Above 11 input and state bits, the DPGA implementation is smaller. Since
the DPGA implementation size increases with task complexity rather than
number of inputs, while the memory implementation is exponential in the
number of inputs and state bits, the disparity grows substantially as the
number of inputs and state bits increase.
While demonstrated in the contexts of FSMs, the basic technique used here is fairly general. When we can predict which portions of a netlist, circuit, or computational task are needed at a given point in time, we can generate a more specialized design which only includes the required logic. The specialized design is often smaller and faster than the fully general design. With a multicontext component, we can use the contexts to hold many specialized variants of a design, selecting them as needed.
In the synthesis of computations, it is common to synthesize a controller along with datapaths or computational elements. The computations required are generally different from state to state. Traditional, spatial implementations must have hardware to handle all the computations or generalize a common datapath to the point where it can be used for all the computations. Multicontext devices can segregate different computational elements into different contexts and select them only as needed.
For example, in both dbC [GM93] and PRISM-II [AWG94] a general datapath capable of handling all of the computational subtasks in computation is synthesized alongside the controller. At any point in time, however, only a small portion of the functionality contained in the datapath is actually needed and enabled by the controller. The multicontext implementation would be smaller by folding the disparate logic into memory and reusing the same active logic and interconnect to implement them as needed.
With multiple, on-chip contexts, a device may be loaded with several
different functions, any of which is immediately accessible with minimal
overhead. A DPGA can thus act as a ``multifunction peripheral,''
performing distinct tasks without idling for long reconfiguration
intervals. In a system such as the one shown in Figure ,
a single device may perform several tasks. When used as a reconfigurable
accelerator for a processor ( e.g. [AS93]
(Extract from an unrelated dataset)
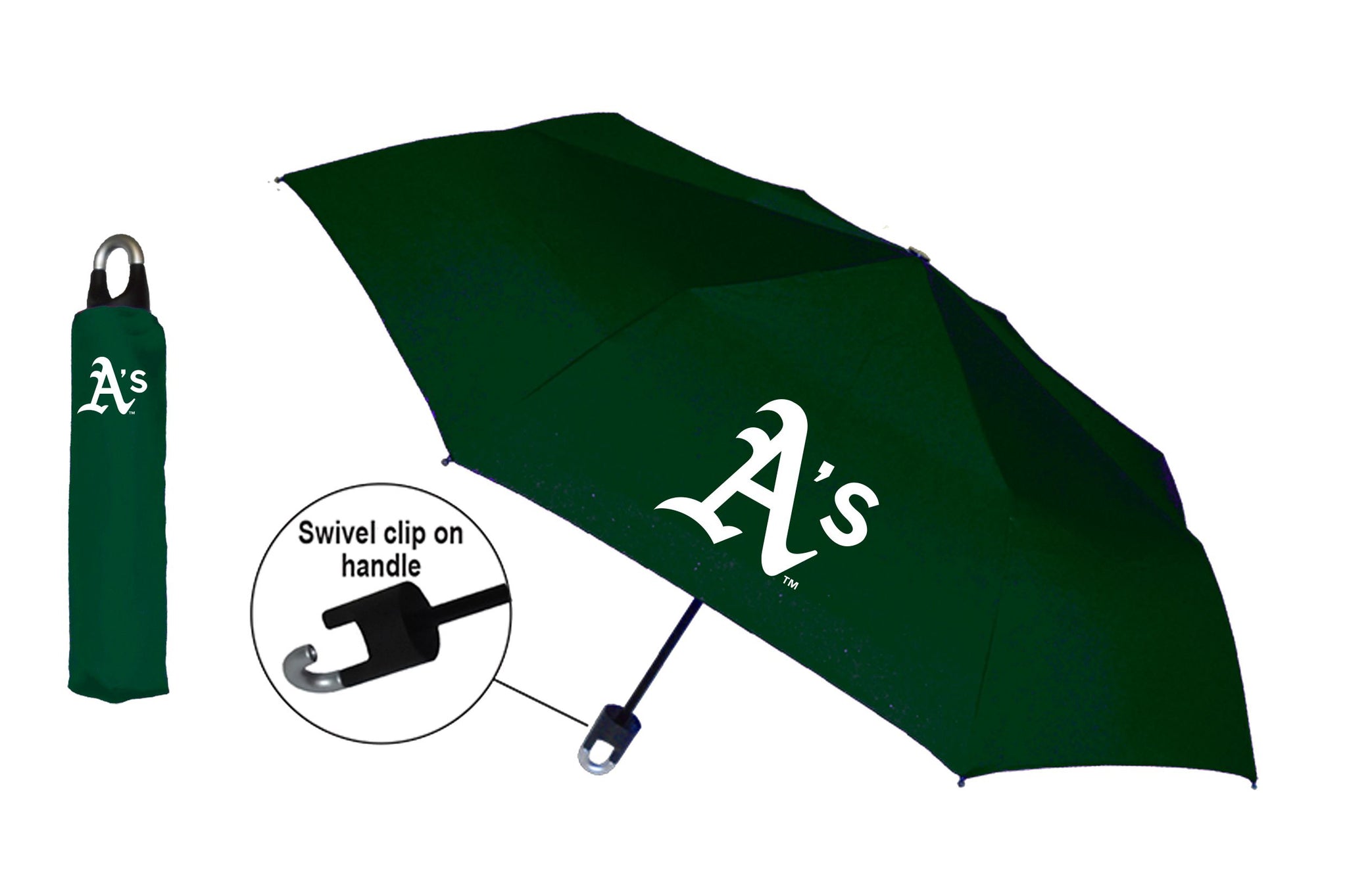 Oakland Athletics Storm Clip Folding Umbrella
[DeH94] [RS94]) or to implement a dynamic
processor ( e.g. [WH95]), the DPGA can support multiple
loaded acceleration functions simultaneously. The DPGA is more efficient
in these allocations than single-context FPGAs because it allows rapid
reuse of resources without paying the large idle-time overheads associated
with reconfiguration from off-chip memory.
In a data storage or transmission application, for instance, one may be limited by the network or disk bandwidth. A single device may be loaded with functions to perform:
Within a CAD application, such as espresso [RSV87], one needs to perform several distinct operations at different times, each of which could be accelerated with reconfigurable logic. We could load the DPGA with assist functions, such as:
Some classes of functionality are needed, occasionally but not continuously. In conventional systems, to get the functionality at all, we have to dedicate wire or gate capacity to such functions, even though they may be used very infrequently. A variety of data loading and unloading tasks fit into this ``infrequent use'' category, including:
In a multicontext DPGA, the resources to handle these infrequent cases can be relegated to a separate context, or contexts, from the ``normal'' case code. The wires and control required to shift in (out) data and load it are allocated for use only when the respective utility context is selected. The operative circuitry then, does not contend with the utility circuitry for wiring channels or switches, and the utility functions do not complicate the operative logic. In this manner, the utility functions can exist without increasing critical path delay during operation.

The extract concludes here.